I struggled a lot with this review because it’s so hard to accurately capture the sheer power that this novel has. It’s fierce, it’s vicious, and it’s so raw and real—I can’t get over the magnificence.

Definitely check out the content warnings here because there are a few, but Power crafts a vicious and isolated world where monsters—inherent and otherwise—reveal themselves in this high-stakes situation. You’re drawn into the story not just from the body horror, but also from the relationships and complicated emotions between the girls at Raxter.
I think this novel was just so skillfully executed. From the way Power set up this slice of the world to be so isolated on the island, to the use of the Tox and Raxter’s natural elements, to the all-girl boarding school, it was the perfect setting to explore this story.
Power really shoved her hand into the chest of this book and tore out its heart, and then laid it on the pages. She took the heart of Raxter and these girls and bared it for us, stark and naked before us. Hetty and Byatt and Reese and their complex dynamics with each other (friendship? romance? something else? you’ll have to read to find out!) were only heightened by the high stakes situation and dangerous lack of resources all the girls were by now familiar with.

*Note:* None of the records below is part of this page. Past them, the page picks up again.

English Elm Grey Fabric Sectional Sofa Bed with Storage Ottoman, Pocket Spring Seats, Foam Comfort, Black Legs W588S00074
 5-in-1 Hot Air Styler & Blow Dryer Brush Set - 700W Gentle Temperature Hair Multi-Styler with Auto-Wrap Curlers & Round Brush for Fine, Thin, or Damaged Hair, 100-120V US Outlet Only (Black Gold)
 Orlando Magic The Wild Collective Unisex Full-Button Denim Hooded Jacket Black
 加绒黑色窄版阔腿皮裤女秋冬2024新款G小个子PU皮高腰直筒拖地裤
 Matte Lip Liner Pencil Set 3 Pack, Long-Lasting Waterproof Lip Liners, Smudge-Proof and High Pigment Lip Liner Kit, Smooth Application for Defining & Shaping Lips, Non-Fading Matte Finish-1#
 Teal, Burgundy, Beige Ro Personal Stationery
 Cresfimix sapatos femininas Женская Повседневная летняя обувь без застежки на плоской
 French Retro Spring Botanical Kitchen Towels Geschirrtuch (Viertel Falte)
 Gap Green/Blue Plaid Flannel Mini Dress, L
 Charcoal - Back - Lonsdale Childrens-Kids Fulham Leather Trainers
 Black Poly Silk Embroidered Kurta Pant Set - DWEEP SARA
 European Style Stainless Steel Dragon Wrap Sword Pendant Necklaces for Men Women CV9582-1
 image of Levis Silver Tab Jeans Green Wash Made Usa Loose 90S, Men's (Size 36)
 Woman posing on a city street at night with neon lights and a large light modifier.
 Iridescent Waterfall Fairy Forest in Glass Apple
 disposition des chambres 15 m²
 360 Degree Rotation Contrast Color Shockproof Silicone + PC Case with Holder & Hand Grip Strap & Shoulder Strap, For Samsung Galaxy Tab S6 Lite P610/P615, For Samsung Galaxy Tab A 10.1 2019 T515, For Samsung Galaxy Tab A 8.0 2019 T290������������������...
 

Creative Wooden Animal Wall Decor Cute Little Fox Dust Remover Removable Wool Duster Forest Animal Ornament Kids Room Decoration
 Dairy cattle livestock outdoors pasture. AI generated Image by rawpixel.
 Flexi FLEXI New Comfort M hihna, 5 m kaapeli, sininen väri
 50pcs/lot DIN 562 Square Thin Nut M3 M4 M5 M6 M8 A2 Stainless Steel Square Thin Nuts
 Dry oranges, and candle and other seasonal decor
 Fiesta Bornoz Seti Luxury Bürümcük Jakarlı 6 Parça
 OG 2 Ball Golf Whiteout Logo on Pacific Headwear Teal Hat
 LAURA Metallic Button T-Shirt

Looking back, Power managed to build something incredibly character-based out of something that has a premise that begs for action. And although action did come, it was also incredibly compelling with just the characters and haunting setting alone.
It was such a vivid experience and extremely sharp and probing.
The body horror didn’t seem over the top to me (there are some gruesome descriptions though, so if you are prone to queasiness, it might be good to just familiarize yourself with this a little bit beforehand & check out the content warnings. It was raw and brutal and I just had so many feelings.
I read this while at school and managed to continue to re-immerse myself in it every time I picked it up—whether that meant reading it for five minutes, setting it down for half an hour, and reading it for another five minutes, or getting to sit down for an hour with it.
It was extremely compelling and I absolutely think Power created something incredible with the journey of these girls.
Wilder Girls is definitely dark and gruesome and biting, but it’s also subtle and quiet in the way that it shapes the growth of the characters throughout the story. It’s a dark and dangerous setting and I can see where the Lord of the Flies comparison comes in—with the way that both stories push their characters through horrifying and traumatic situations—but even more than that, it’s a story of three girls trying to understand their place in a world that has turned upside down.
This is honestly one of my favorite books I’ve read this year, and it’s so brutally beautiful. Overall, I’d highly recommend it to anyone who is comfortable with the content warnings, regardless of what genres you typically prefer, because I think this is a great read anyone can enjoy.